◆ Problem description ◆
The whole listing is to be given again without alteration, except that its pictures are dropped.

◆ Data provided ◆
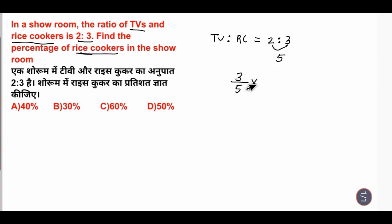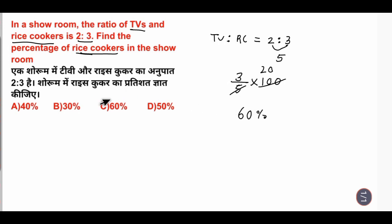For the percentage, multiply by 100. 5 into 100 is 20, then 3 times 20 equals 60%. The answer is Option C. Thank you.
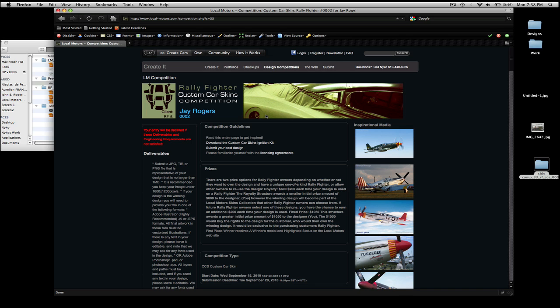Hello, this is Nico, or iDesignCars from Local Motors. I'm here to give you a quick tutorial about the ignition kit included for the RallyFighter Custom Carskins competition for Jay Rogers RallyFighter.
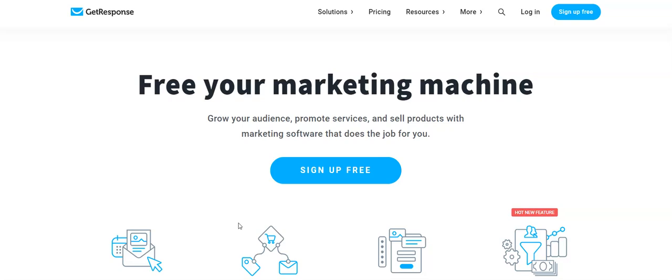In essence what you do is you create some content and have people click on the link and then sign up to your list. Offer them a free product or a free service to enable you to get their email address, but fundamentally the money's in the email list. Without it your business is dead in the water.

◆ Reply ◆
For the percentage, multiply by 100. 5 into 100 is 20, then 3 times 20 equals 60%. The answer is Option C. Thank you.
Hello, this is Nico, or iDesignCars from Local Motors. I'm here to give you a quick tutorial about the ignition kit included for the RallyFighter Custom Carskins competition for Jay Rogers RallyFighter.
In essence what you do is you create some content and have people click on the link and then sign up to your list. Offer them a free product or a free service to enable you to get their email address, but fundamentally the money's in the email list. Without it your business is dead in the water.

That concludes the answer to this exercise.